Além dos presentes listados pelo Planalto, os integrantes da comissão localizaram um vaso chinês do acervo do Museu de Belas Artes, no Rio de Janeiro. O documento informa que a peça tinha numeração do patrimônio da Presidência e um selo do museu. “No dia 9 de maio de 2018, a comissão, quando da abertura de caixas e desembalagem do acervo do ex-presidente Lula, identificou um vaso nas cores azul e marrom com etiqueta de identificação com os dados da Presidência da República.
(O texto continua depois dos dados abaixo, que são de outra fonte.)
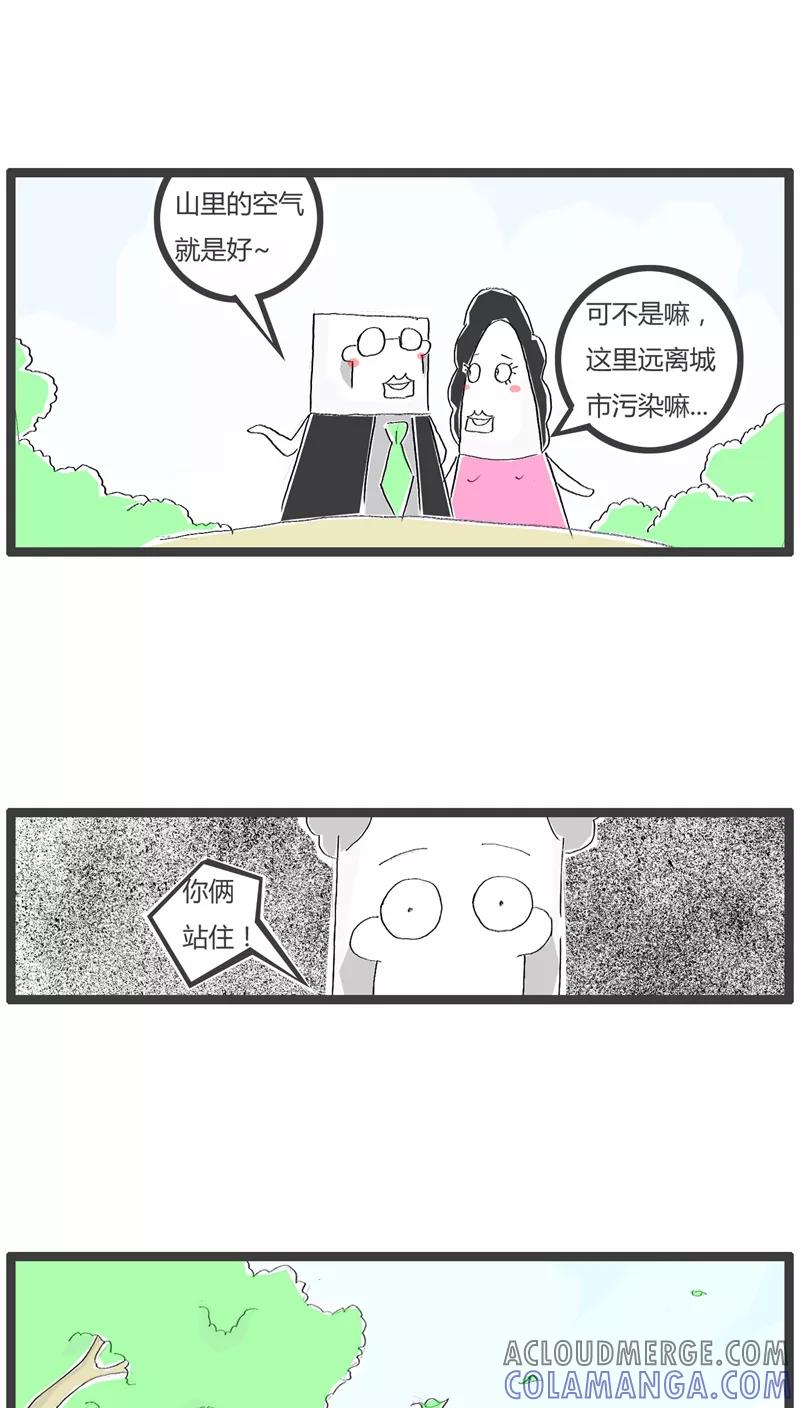 第92话遇到了劫匪-火锅家族-钟博士（第2张）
Verificando-se tratar de bem com numeração patrimoniada da Presidência, o representante de Lula, de pronto, fez a entrega à comissão”, diz o relatório.

Reincorporado ao acervo do museu, o vaso apresentava avarias quando foi localizado. “Constatou-se que o vaso apresenta algumas rachaduras na base, mas nenhuma na parte superior”, diz o relatório, sem especificar se as rachaduras foram provocadas antes ou depois de a peça ter sido levada do Planalto.

A lista de artigos encontrados no sindicato não inclui os objetos localizados pelos investigadores da Operação Lava-Jato no cofre de uma agência bancária em São Paulo, em março de 2016, no qual o expresidente Lula guardava presentes recebidos durante os oito anos de Presidência. Dentro da sala estavam guardados 186 itens, entre moedas e joias.

CONTÊINER DE COOPERATIVA

No caso dos artigos levados pela ex-presidente Dilma, o relatório revela que foram localizados em um contêiner na Cooperativa dos Trabalhadores Assentados da Região de Porto Alegre. Dos 117 itens levados por Dilma, a comissão afirma não ter encontrado seis. Em documento apresentado à comissão, no entanto, a ex-presidente indicou registros que comprovariam que os objetos estariam nas “dependências da Presidência da República”. “Em relação aos seis bens que não foram localizados no local, o senhor Douglas Szefer (representante de Dilma) apresentou à comissão documento descritivo em quatro laudas que relata que os citados seis bens estariam nas dependências da Presidência da República”, registra o relatório.

Diante da documentação apresentada pela petista, a comissão oficiou o setor de patrimônio do Planalto a se manifestar “quanto às alegações do representante da expresidente Dilma, de que seis bens não localizados na diligência estariam nas dependências desta Presidência da República”.

O Instituto Lula informou que toda a organização do acervo presidencial foi feita por funcionários do Palácio do Planalto e que tal acervo permaneceu intocado pelo ex-presidente desde que ele deixou o cargo. “Houve uma mudança de critérios (sobre o que deve ou não ser devolvido) que estranhamente só se refere a ele e não a outros expresidentes. O acervo está à disposição para qualquer pesquisa”, diz o instituto. A assessoria da ex-presidente Dilma foi procurada, mas não quis comentar o caso.